I've been a long-time lurker here, but have finally felt the need to join because, well, I'm stumped.

I've been building a Veroboard clone of a Boss CE-2 chorus pedal based off of this plan:

http://tagboardeffects.blogspot.com/2014/06/boss-ce-2.html

I've been building the third one down the page, the one without the daughterboard or the Madbean depth mod. I simply want the original CE-2.
Unfortunately, I made a horrible error. Two of my jumpers got pinched together underneath the IC4 socket. When I plugged it in, the 33 ohm resistor connected to the 9v supply fried (never had a part burn up on me before). Before I fried another resistor, I traced the 9v portion of the circuit to see where it had inadvertently connected to ground causing the dead resistor. That's when I found the jumper issue. I have repaired it and replaced the fried resistor.

Before I plugged it in again, I double checked the placement of all my parts. I did find one additional error. The 10K resistor (next to the 33 ohm one I fried) was not connected to the ground strip, but was connected to the strip below it. I have also fixed that error.

Now when I plug in the pedal for testing, I get a signal through the bypass. But when I engage the pedal, I get nothing. Not even a weak or distorted signal.

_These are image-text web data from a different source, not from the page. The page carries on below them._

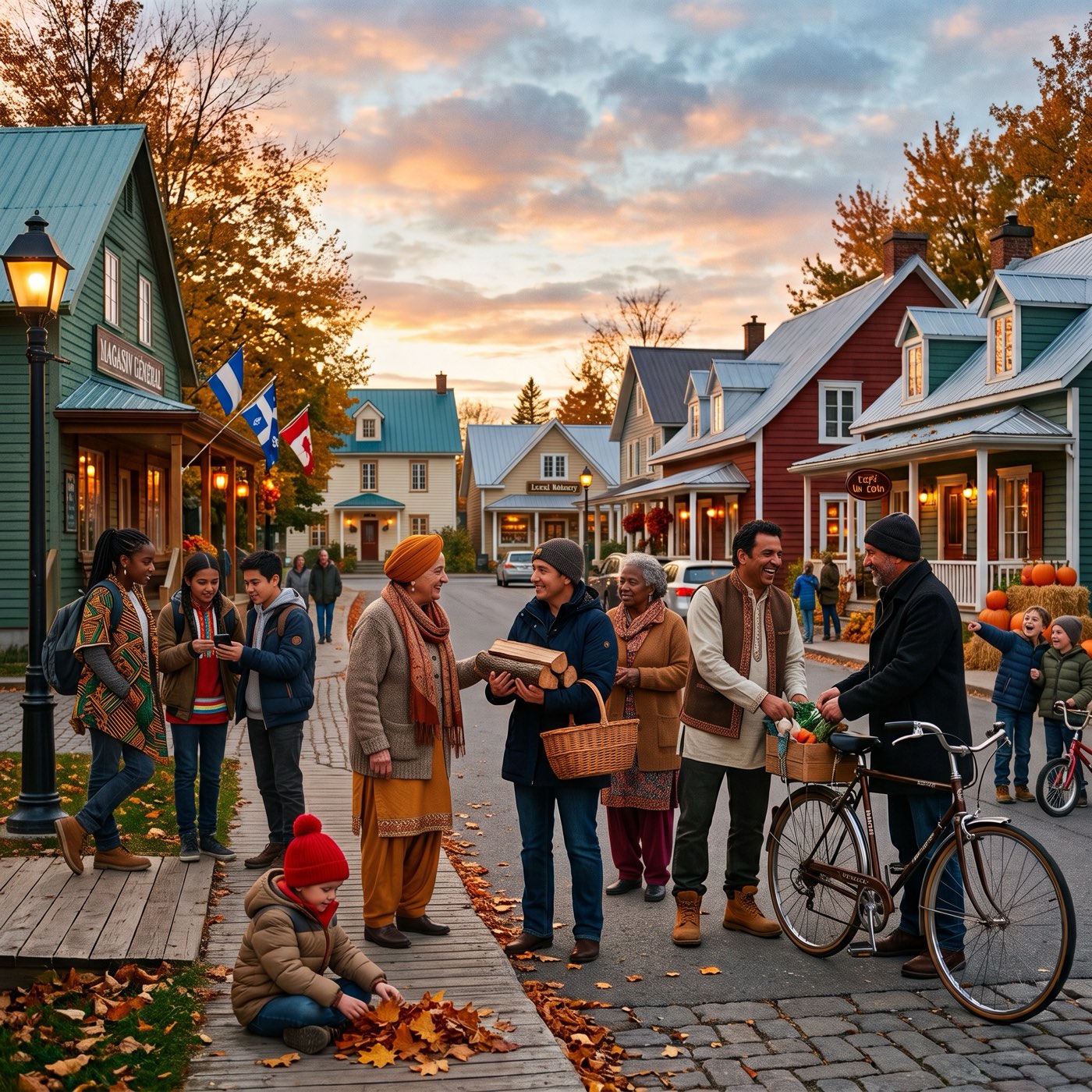 Villageois qui s'entraident dans une rue de village en automne
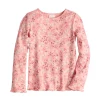 Girls 4-12 Jumping Beans® Ribbed Lettuce Edge Long Sleeve Tee -kids pajamas set Sales 5589262 Pink Ditsy Floral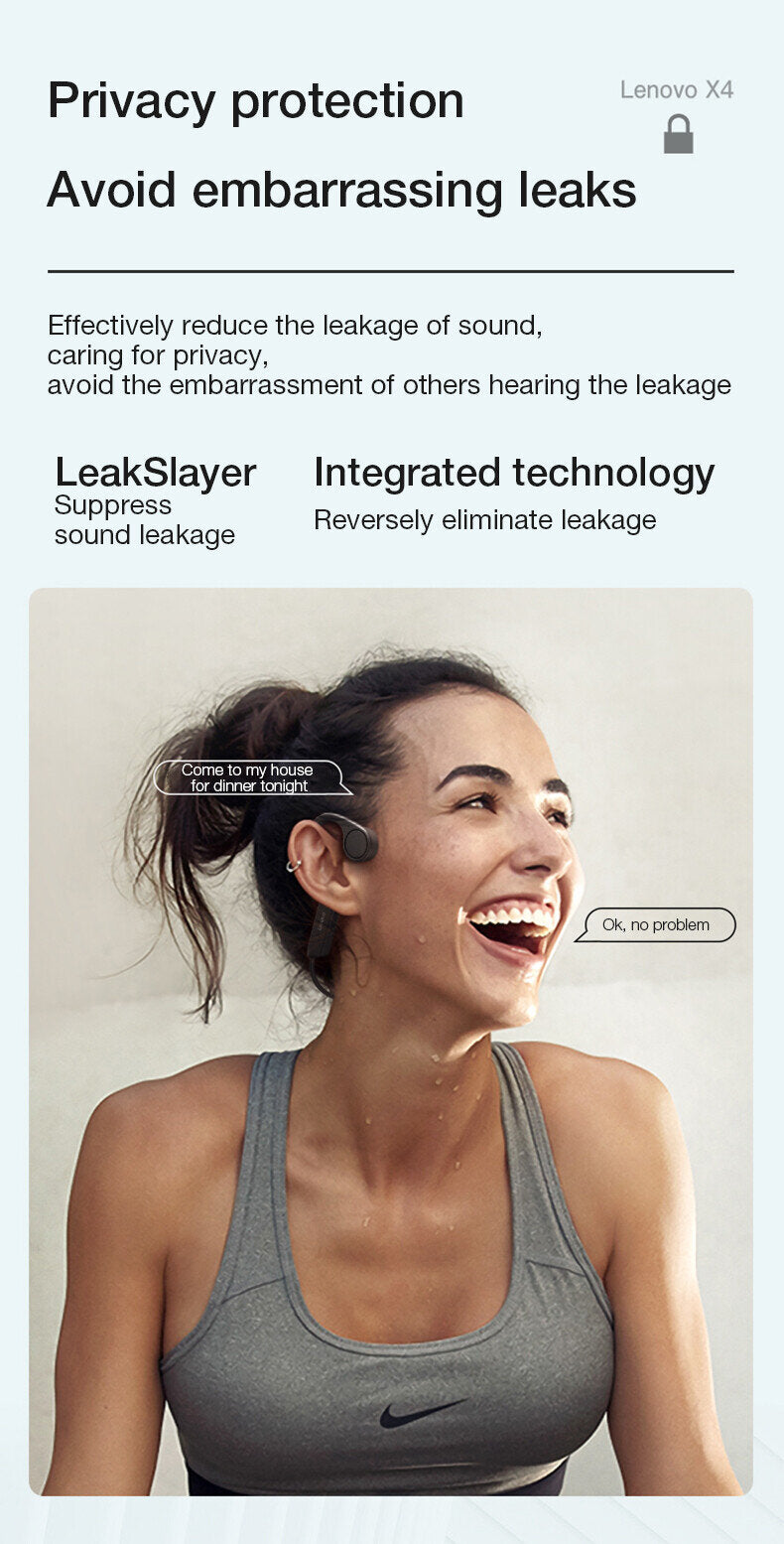 Lenovo 聯想 - X4 骨傳導防水藍牙耳機 鈦合金運動耳機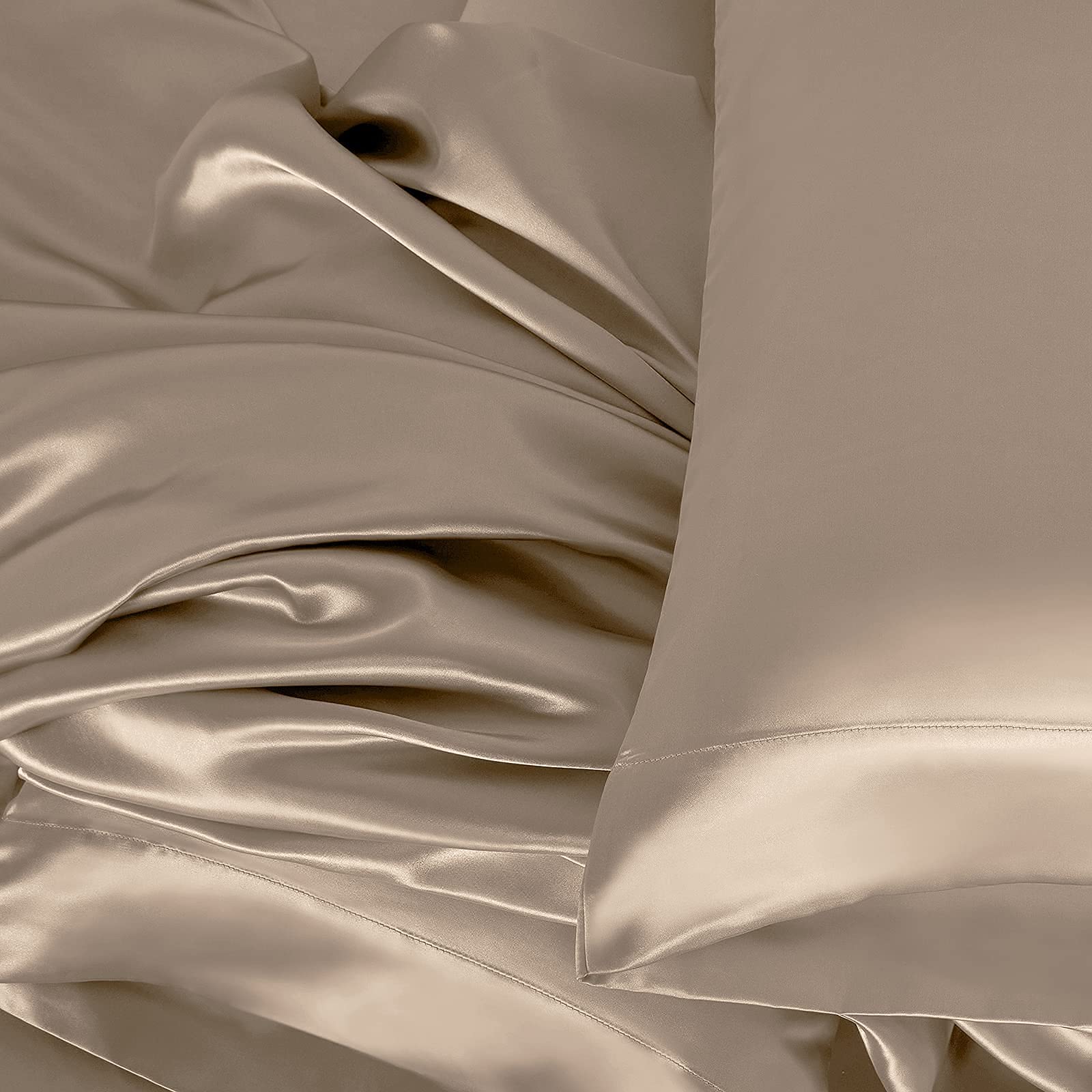 Premium 100% Mulberry Silk 4-Piece Bedding Set - 19 Momme Pure Silk Sheets with 15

The LED is on and I have checked to see that the board is getting power. I am reading 9.41v where the 9v connects to the board.

I have even tried to audio probe the board and while the audio probe works in bypass, I get no signal before the board (not even at the hot input tab on the input jack, where usually I can get a signal) or on the board. I CAN get a signal through by touching the output tabs of the foot switch and the output jack.

The input tabs on the input jack and foot switch appear to be okay. I can get continuity from the hot tab of the input jack all the way to the input on the circuit board. So the wiring looks good that far. So I can't figure out why I can't pass the audio signal through.

I am at a loss as to what I did wrong.

Did my earlier problem also fried the IC chips? If so which ones?

Here are the readings I get from the pins of the IC chips:

IC#1 (JRC4558D)
1. 8.68v
2. 8.64v
3. 8.60v
4. 0
5. 8.60v
6. 8.68v
7. 8.68v
8. 8.60v

IC#2 (TL022CP)
1. 9.16v
2. 8.61v
3. 8.73v
4. 9.26v
5. 8.62v
6. 8.72v
7. 8.72v
8. 9.26v

IC#3 (MN3007)
1. 9.26v
2. 9.05v
3. 7.81v
4. 9.04v
5. 9.26v
6. 9.05v
7. 9.21v
8. 9.21v

IC#4 (MN3101)
1. 9.26v
2. 9.05v
3. 9.26v
4. 9.05v
5. 9.04v
6. 8.95v
7. 9.13v
8. 9.26v

And here are the readings from the 5 transistors (2N5088)

Q1
E 7.33v
B 7.62v
C 9.26v

Q2
E 7.81v
B 8.32v
C 9.26v

Q3
E 7.48v
B 7.84v
C 9.26v

Q4
E 9.26v
B 8.60v
C 8.62v

Q5
E 9.25v
B 8.47v
C 9.26v

Here is a link to a gallery with photos of the front and back of my Veroboard project as well as the schematic from Tonepad:
http://s1134.photobucket.com/user/pdgosselin/library/Boss%20CE-2

I have also used tone pad's parts list. If you need to access it, you can find it here:
http://www.tonepad.com/getFileInfo.asp?id=101

I would appreciate any helping insights that the much smarter people than me on this board can supply. (While I do enjoy these projects, I often feel like I am swimming in water over my head.)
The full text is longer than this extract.